→ EXERCISE GOAL:
Using the data below, set down every line from the one containing "The operation of" through the one containing "Now I'm playing", inclusive and unchanged. Pictures are to be skipped.

→ PROVIDED MATERIAL:
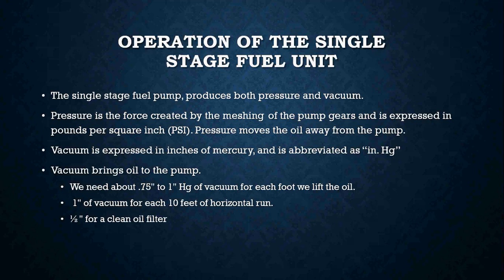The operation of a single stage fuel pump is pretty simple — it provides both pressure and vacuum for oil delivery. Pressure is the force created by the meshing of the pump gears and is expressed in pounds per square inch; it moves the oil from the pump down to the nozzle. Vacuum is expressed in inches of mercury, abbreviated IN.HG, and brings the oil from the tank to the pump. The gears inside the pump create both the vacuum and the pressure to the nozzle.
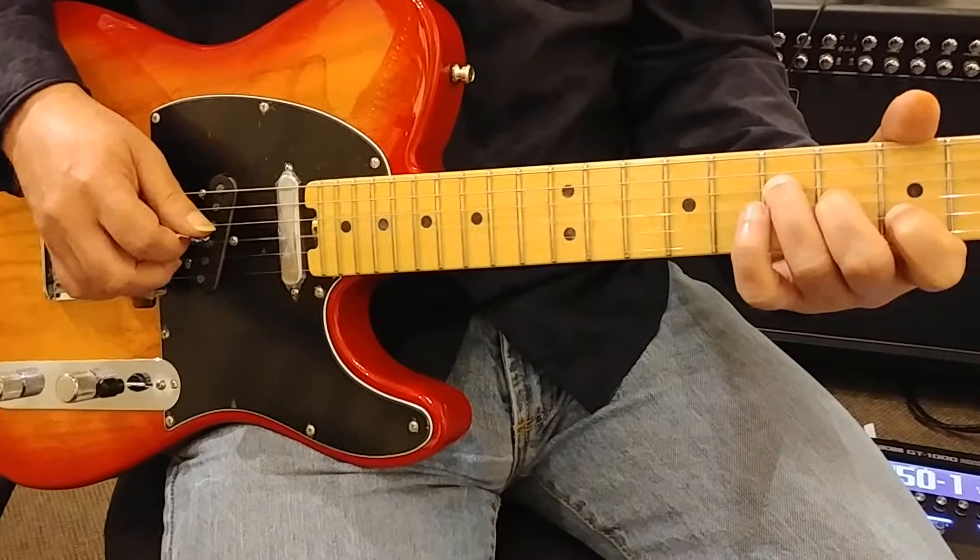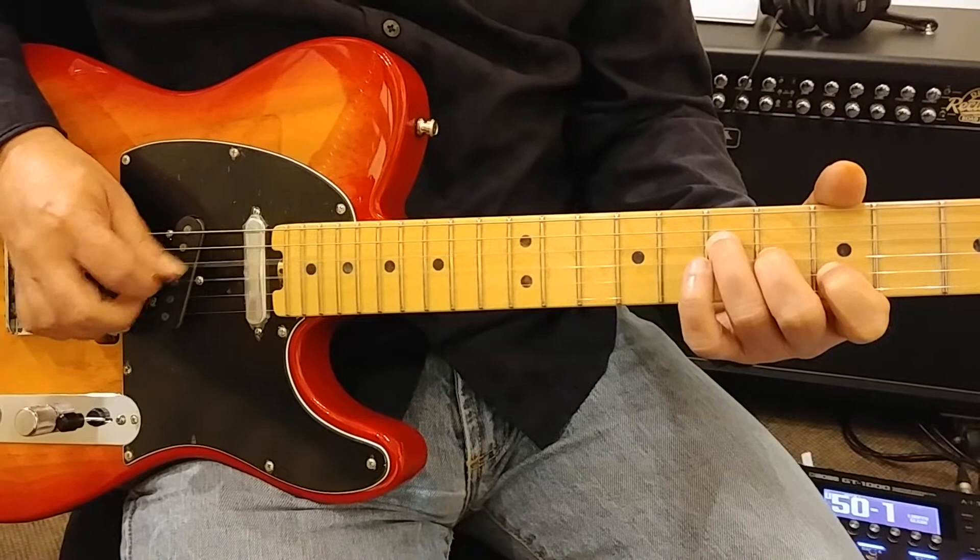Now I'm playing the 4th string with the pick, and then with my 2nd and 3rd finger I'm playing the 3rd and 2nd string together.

...

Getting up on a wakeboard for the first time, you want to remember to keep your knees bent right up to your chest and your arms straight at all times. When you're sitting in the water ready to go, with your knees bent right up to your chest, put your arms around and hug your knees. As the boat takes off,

→ ANSWER TO THIS EXERCISE:
The operation of a single stage fuel pump is pretty simple — it provides both pressure and vacuum for oil delivery. Pressure is the force created by the meshing of the pump gears and is expressed in pounds per square inch; it moves the oil from the pump down to the nozzle. Vacuum is expressed in inches of mercury, abbreviated IN.HG, and brings the oil from the tank to the pump. The gears inside the pump create both the vacuum and the pressure to the nozzle.
Now I'm playing the 4th string with the pick, and then with my 2nd and 3rd finger I'm playing the 3rd and 2nd string together.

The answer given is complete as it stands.